* Task details
Print every line of the listing below, starting with the line that holds "Aunque a nivel" and going on through the line that holds "Used 2023 Genesis", both included, and print nothing else.

* Records to use
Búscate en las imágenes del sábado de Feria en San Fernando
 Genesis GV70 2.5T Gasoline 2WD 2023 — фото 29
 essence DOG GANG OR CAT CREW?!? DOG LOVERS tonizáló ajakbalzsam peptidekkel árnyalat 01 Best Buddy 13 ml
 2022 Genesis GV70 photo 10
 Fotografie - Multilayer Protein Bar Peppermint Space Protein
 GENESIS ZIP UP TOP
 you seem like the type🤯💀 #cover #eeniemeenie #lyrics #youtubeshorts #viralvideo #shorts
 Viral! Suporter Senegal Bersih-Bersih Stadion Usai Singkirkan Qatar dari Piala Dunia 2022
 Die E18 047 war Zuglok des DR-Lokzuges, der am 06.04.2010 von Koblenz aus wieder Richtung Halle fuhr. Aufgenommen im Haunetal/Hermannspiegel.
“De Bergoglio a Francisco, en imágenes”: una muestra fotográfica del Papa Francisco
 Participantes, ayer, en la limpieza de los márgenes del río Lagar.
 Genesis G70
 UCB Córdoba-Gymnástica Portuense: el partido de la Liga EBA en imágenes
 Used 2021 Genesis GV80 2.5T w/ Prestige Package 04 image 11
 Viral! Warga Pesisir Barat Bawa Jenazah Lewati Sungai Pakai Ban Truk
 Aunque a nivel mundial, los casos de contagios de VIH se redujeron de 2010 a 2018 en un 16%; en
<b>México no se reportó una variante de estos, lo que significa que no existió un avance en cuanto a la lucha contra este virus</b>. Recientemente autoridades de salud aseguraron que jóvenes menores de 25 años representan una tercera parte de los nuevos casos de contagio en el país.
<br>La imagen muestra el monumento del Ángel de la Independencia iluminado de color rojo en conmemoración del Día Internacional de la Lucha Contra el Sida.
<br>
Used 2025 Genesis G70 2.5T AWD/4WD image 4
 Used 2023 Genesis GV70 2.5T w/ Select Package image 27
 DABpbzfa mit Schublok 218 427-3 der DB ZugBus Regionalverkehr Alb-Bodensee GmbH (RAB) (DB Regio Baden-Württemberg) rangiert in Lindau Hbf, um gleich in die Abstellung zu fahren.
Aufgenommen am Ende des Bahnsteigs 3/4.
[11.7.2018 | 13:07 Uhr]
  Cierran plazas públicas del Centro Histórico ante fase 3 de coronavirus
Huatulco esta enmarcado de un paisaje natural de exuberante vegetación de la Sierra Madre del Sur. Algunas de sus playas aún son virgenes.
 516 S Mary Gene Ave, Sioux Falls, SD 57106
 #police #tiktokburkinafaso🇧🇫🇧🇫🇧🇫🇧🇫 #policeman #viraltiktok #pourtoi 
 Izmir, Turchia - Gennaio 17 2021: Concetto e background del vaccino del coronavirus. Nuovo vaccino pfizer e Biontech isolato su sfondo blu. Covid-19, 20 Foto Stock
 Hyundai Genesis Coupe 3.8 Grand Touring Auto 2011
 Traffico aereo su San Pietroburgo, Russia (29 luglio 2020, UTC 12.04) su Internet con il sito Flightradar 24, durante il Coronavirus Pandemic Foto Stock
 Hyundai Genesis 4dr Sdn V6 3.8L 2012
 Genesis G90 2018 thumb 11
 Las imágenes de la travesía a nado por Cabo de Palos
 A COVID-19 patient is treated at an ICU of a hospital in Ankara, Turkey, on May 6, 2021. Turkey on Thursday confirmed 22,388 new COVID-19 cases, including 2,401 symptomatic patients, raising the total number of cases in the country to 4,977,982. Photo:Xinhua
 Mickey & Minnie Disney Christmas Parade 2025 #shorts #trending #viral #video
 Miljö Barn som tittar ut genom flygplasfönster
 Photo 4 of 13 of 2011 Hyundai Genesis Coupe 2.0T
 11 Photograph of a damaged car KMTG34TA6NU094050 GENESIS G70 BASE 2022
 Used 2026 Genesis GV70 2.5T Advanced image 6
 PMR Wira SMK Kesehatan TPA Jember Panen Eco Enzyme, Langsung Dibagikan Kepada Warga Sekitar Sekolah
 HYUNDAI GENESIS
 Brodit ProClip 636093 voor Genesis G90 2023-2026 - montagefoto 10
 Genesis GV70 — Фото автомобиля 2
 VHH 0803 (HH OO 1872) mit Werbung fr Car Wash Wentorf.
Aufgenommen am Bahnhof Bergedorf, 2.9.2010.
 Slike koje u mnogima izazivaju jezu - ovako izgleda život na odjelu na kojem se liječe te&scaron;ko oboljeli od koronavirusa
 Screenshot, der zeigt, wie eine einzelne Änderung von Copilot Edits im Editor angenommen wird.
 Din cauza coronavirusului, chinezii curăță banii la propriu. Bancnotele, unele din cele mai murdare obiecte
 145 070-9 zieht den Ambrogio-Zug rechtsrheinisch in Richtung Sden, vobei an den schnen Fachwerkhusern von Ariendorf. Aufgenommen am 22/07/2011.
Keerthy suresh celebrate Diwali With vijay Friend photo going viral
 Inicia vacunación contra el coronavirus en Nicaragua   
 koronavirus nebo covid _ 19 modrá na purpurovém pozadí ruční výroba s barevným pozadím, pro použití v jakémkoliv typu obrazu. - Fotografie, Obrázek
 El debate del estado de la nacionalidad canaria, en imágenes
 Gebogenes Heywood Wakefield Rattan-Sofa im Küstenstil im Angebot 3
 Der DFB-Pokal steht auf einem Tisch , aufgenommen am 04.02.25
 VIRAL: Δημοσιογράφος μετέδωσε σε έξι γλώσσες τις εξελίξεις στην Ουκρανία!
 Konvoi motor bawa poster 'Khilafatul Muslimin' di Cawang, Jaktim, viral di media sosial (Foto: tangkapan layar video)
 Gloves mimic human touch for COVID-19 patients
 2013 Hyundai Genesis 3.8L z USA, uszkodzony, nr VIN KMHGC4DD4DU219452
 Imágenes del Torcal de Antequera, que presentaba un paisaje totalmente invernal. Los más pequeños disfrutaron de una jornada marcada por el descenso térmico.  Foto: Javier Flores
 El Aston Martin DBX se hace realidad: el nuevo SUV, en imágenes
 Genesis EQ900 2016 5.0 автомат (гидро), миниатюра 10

* Task output
 Aunque a nivel mundial, los casos de contagios de VIH se redujeron de 2010 a 2018 en un 16%; en
<b>México no se reportó una variante de estos, lo que significa que no existió un avance en cuanto a la lucha contra este virus</b>. Recientemente autoridades de salud aseguraron que jóvenes menores de 25 años representan una tercera parte de los nuevos casos de contagio en el país.
<br>La imagen muestra el monumento del Ángel de la Independencia iluminado de color rojo en conmemoración del Día Internacional de la Lucha Contra el Sida.
<br>
Used 2025 Genesis G70 2.5T AWD/4WD image 4
 Used 2023 Genesis GV70 2.5T w/ Select Package image 27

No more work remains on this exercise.